On Fri, Sep 03, 2010 at 08:28:57AM +0300, kalinix wrote:
On Thu, 2010-09-02 at 16:39 -0400, Stephen Harris wrote:
You never upgrade the application? The database? Make config changes? Wow... to live in such a static world :-)
Most of our problems aren't OS related, they're app or config related... "change shared memory parameters for oracle", "start this at boot time", "add new network interface"... these all may prevent the server from booting cleanly and aren't the OS's fault. You don't want to find that out during a crisis scenario!
For this kind of issues there are testing servers and testing environment.
Which are fine for the testing servers...but how do you verify the change was properly implemented into production?
Gee people, Linux ain't windows, to get rebooted every day. Most of the problems you mentioned can be set on the fly, except of course hw
The problem _isn't_ the "on the fly" changes. In fact it's because most of this stuff can be done on the fly that implementation issues don't get noticed until reboot time.
Here's a great example that I came across 10 years ago...

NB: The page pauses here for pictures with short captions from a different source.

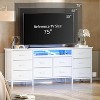 63" TV Stand for 65-75 Inch TVs, 10-Drawer Entertainment Center with Power Outlets & LED Lights - Long Media Console Dresser - 4 of 4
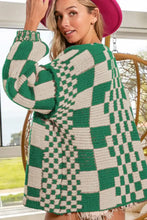 Checkered Open Front Long Sleeve Cardigan Woman Outerwear
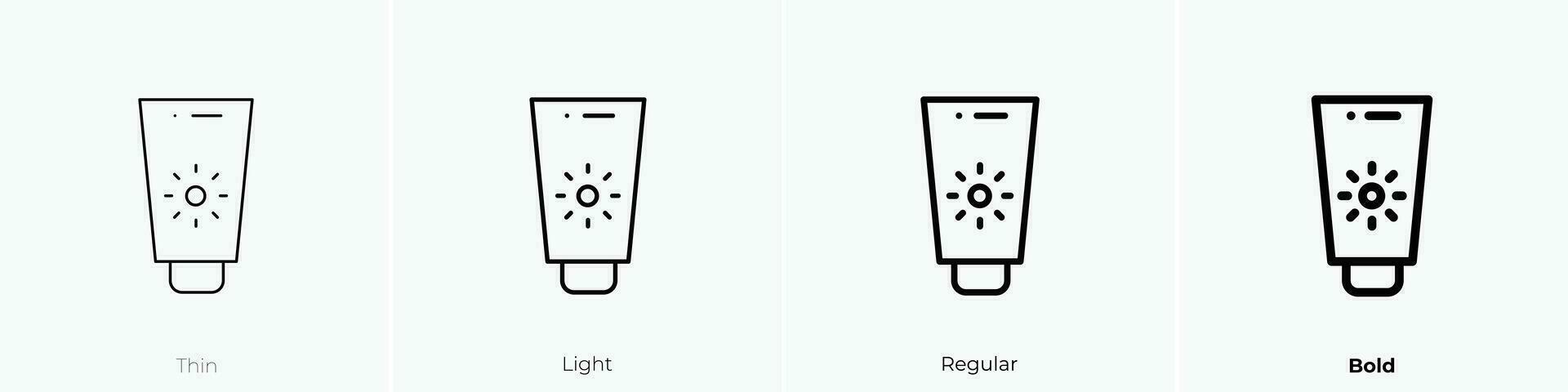 zonnecreme icoon. dun, licht, regelmatig en stoutmoedig stijl ontwerp geïsoleerd Aan wit achtergrond vector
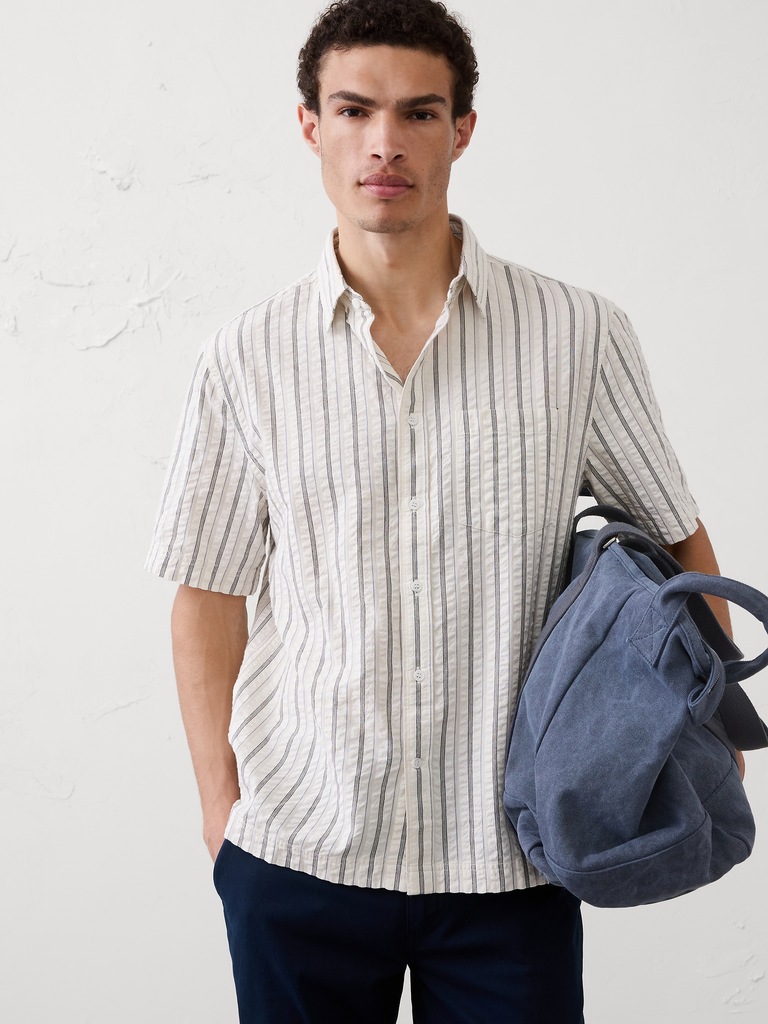 Standard-Fit Seersucker Shirt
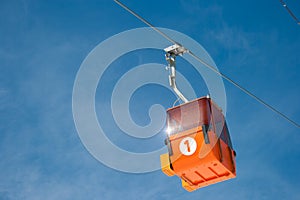 Ski lift cable way booth or car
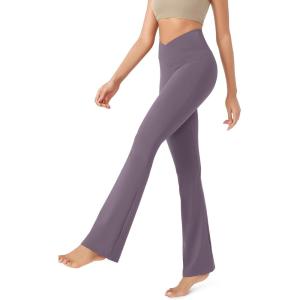 image:imageODODOS Womens Cross Waist Bootcut Yoga Pants with Inner Pocket Non See Through Bootleg Gym Workout PantsAsh Violet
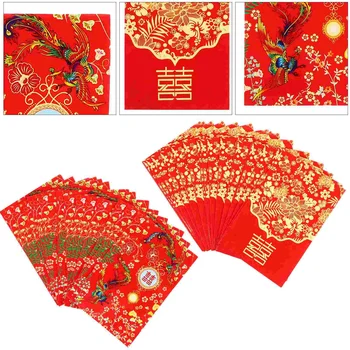 Мини-червени пликове, практични и портмонета за монети, Празнични червени пликове, пликове за пари, сватбени подаръци, чанти, творчески чанти за пари, Червени пликове
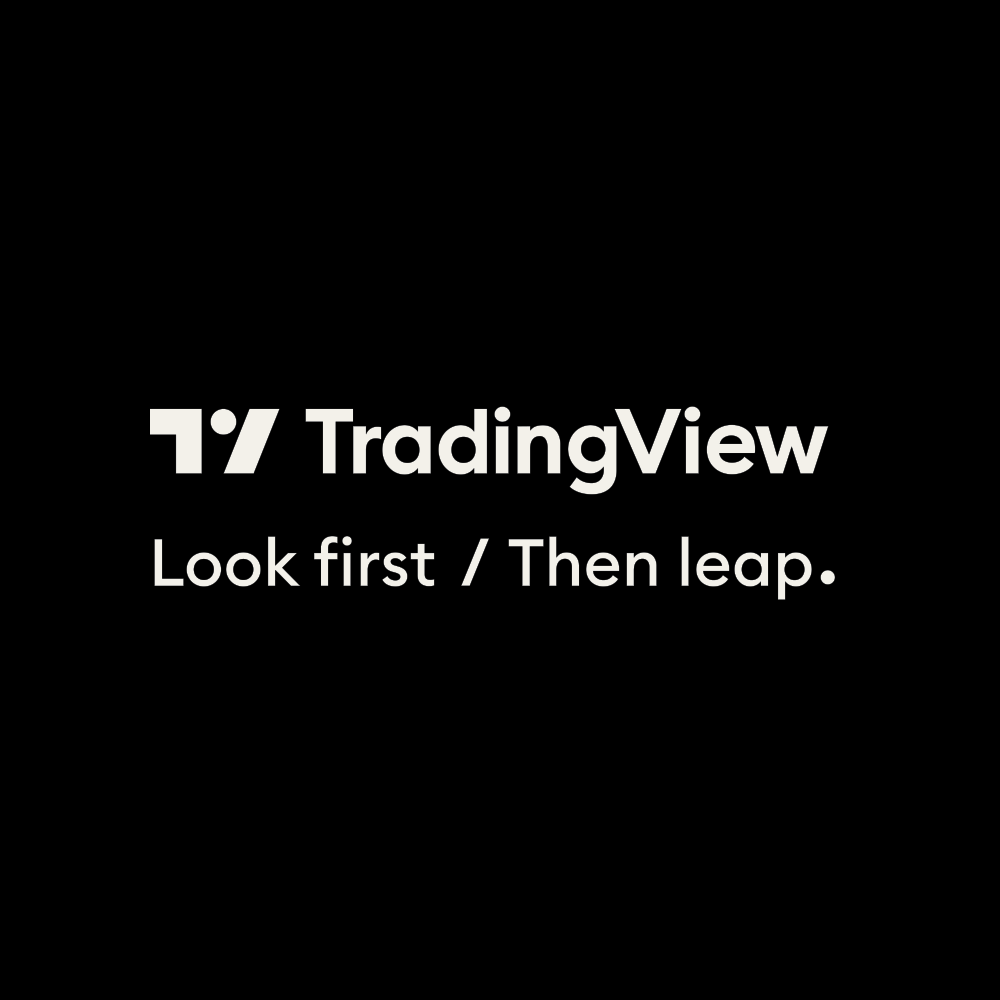 TradingView logo with tagline 'Look first / Then leap.' on a black background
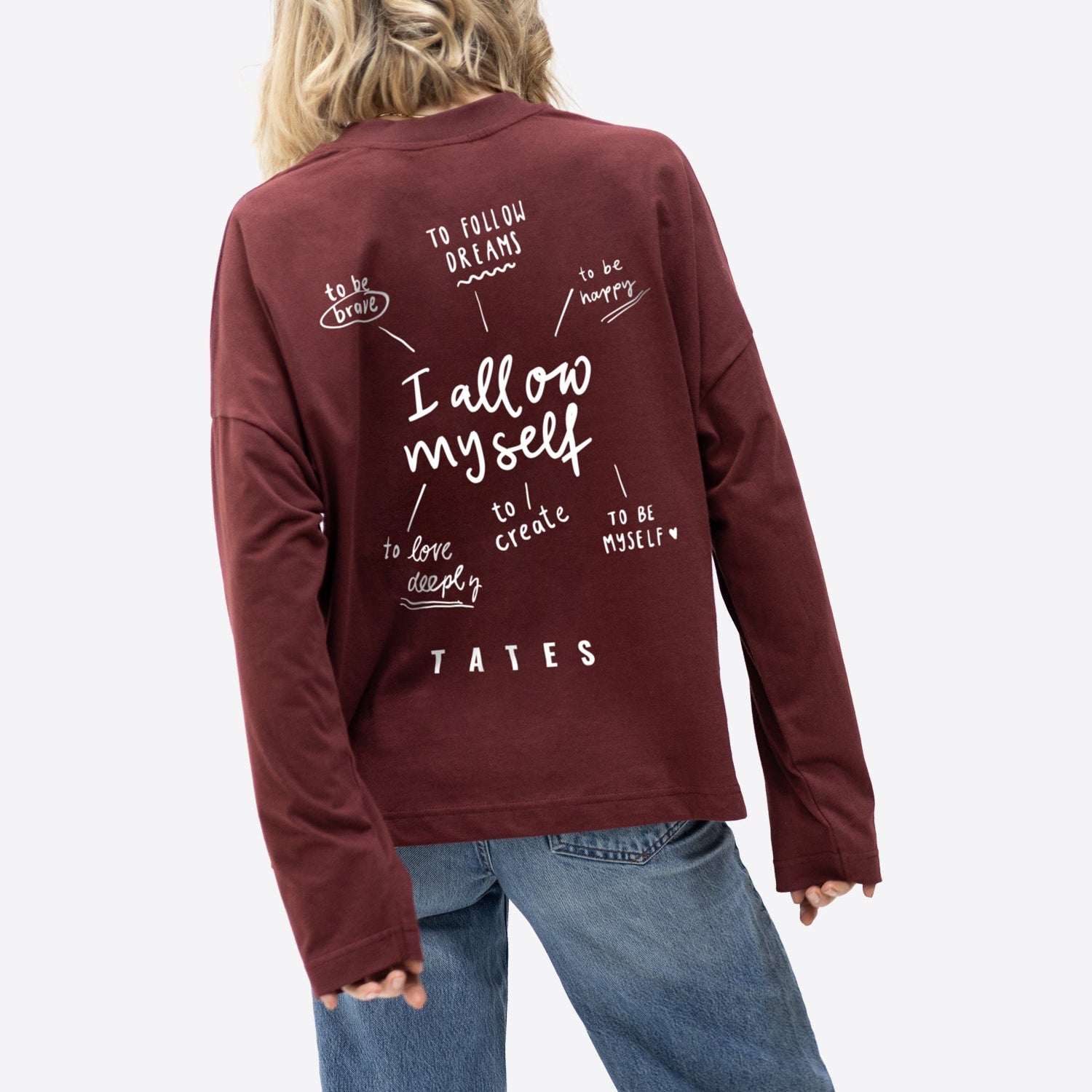 Longsleeve (Oversized) "I allow myself" – Bordeaux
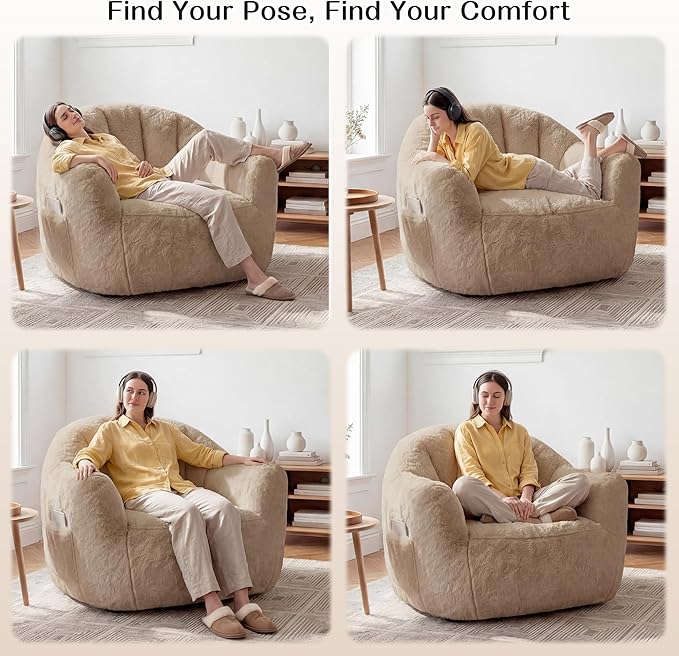 Bean Bag Chair Giant Bean Bag Chair for Adults Shell-Shaped Bean Bag Couch with Armrests &amp Side Pockets Comfy Beanbag Lazy Couch Reading Chair for Bedroom Living Room Khaki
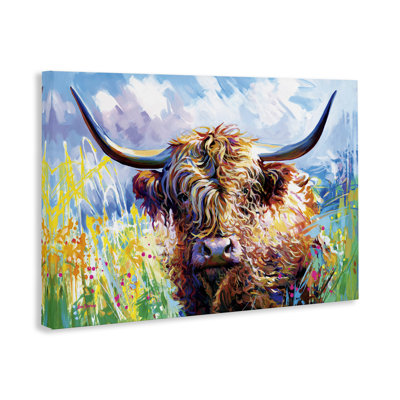 Long Haired Highland Cattle Canvas Wall Art by Leon Devenice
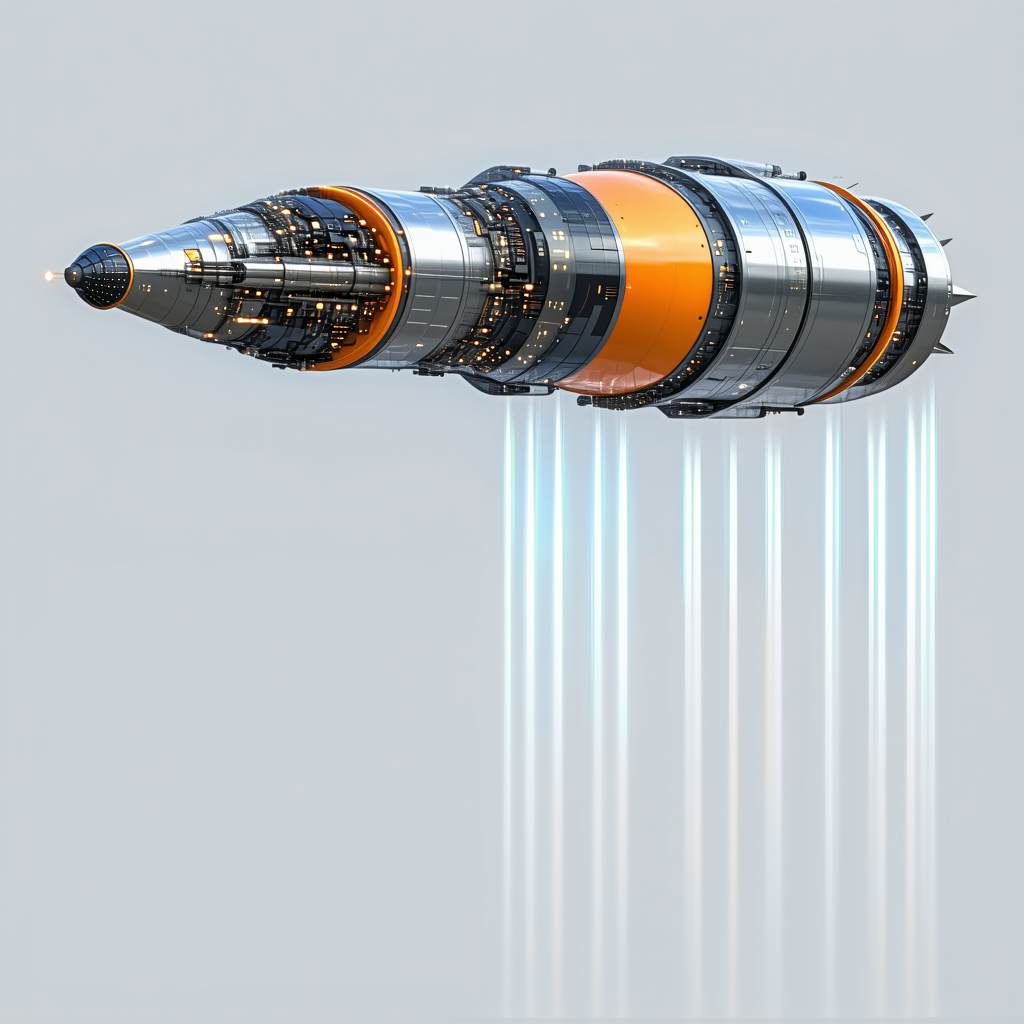 A Large, Futuristic Spacecraft Is Shown In A White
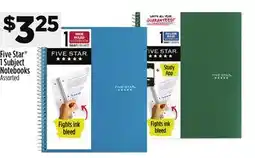 Dollar General Five Star 1 Subject Notebooks offer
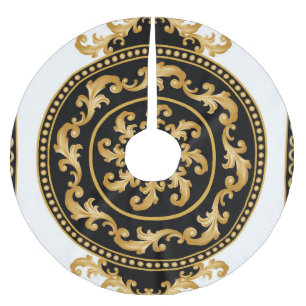 Saia Para Árvore De Natal De Poliéster Barroco ouro, correntes, decoração negra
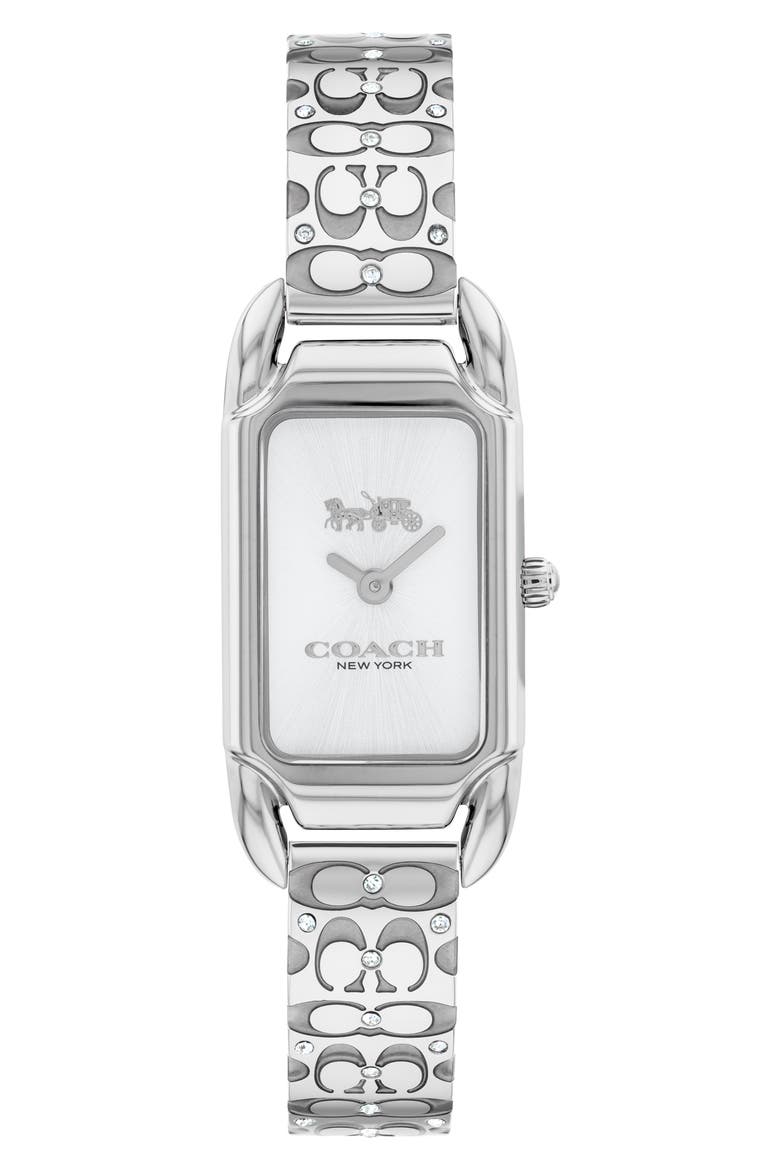 Cadie Crystal Rectangular Bracelet Watch, 17.5mm x 28.5mm, Main, color, SILVER WHITE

The sybase rc script would su to the sybase user to pick up the required environment variables, then start all the databases. Fine, no problem. Except sometime in the past 3 years some new Sybase DBA decided to modify the .profile used by the sybase user so that it would ask what version of sybase to use. So when the DBAs su'd to sybase they'd get their variables set. Indeed the DBAs would source this file into their own .profile and they were all happy. This mistake went unnoticed for years because the machines didn't reboot... until one day there was a failure requiring a reboot... and the machine didn't complete booting. Why? Because the console was waiting for someone to select the sybase version to use.
servers. Did you people heard about change management in the first place? What kind of enterprise environment is that where changes are made without any change process? What if such an update breaks the core
I'm glad you have perfect people who never make mistakes. I wish we did at my place! No amount of paperwork (and, wow, we have lots of that!) will prevent mistakes :-(
Anyway, what I'm worried about is seeing the "windows philosophy" (rebooting for cleaning memory leak - instead of killing the process which generates that leak, rebooting in order to update your applications - instead of restart only that particular application aso) becoming dominant in the linux world. And this is not good.
You're not seeing this. You're seeing contingency planning and verification that services _will_ restart after an outage with minimum disruption.
Prior to this policy my server had been up 1300+ days and was stable. It didn't require patching because I'd removed all unnecessary packages and none of the security alerts had any impact on my machine and we hadn't encountered any OS bugs needing fixing.
I've been a Unix "geek" for 20+ years now; I don't like a 90 day reboot policy; I just pointed out what we have, and a rationale for it. However I don't get to tell the CIO of a fortune 100 (fortune 50; fortune 10?) company that his policy is... questionable :-)